- **Source data**
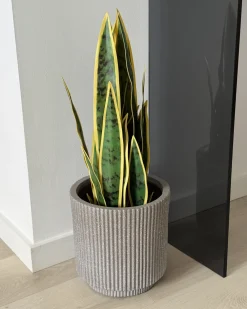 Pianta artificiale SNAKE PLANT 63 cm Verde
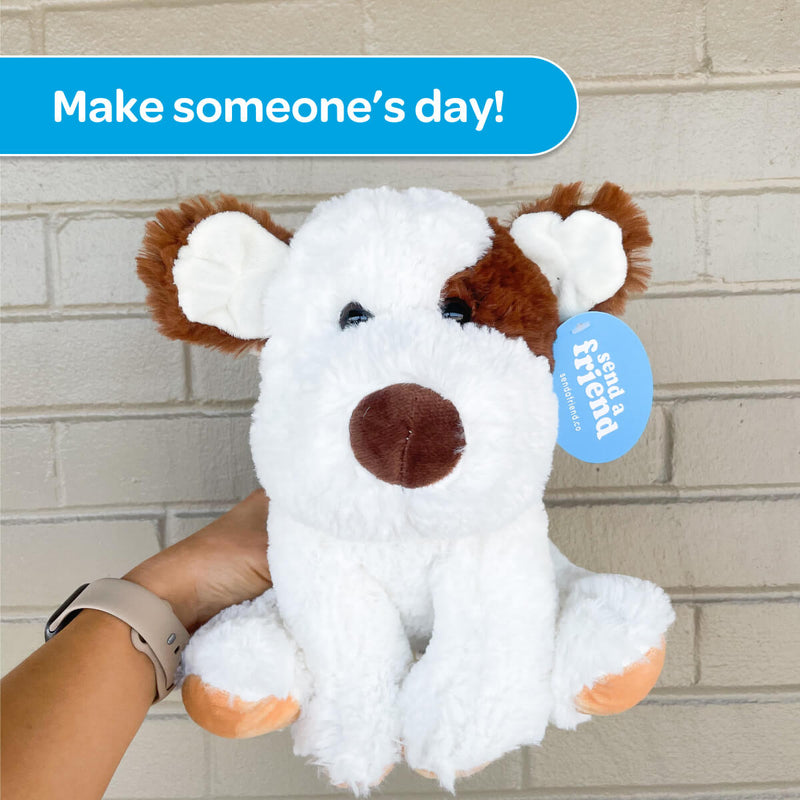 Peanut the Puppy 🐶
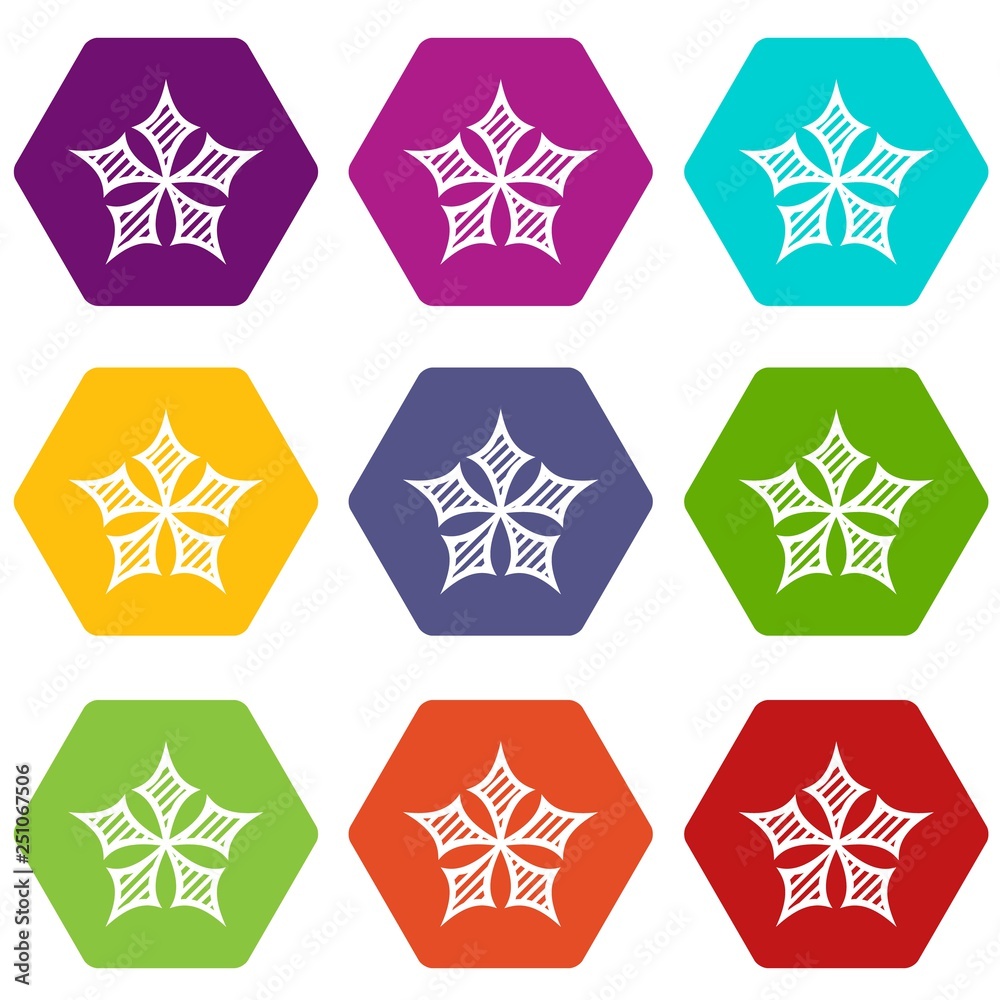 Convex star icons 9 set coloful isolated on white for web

- **What you have to do**
When you repeat the listing, keep it exact and leave the pictures behind.

- **Finished exercise**
 Pianta artificiale SNAKE PLANT 63 cm Verde
 Peanut the Puppy 🐶
 Convex star icons 9 set coloful isolated on white for web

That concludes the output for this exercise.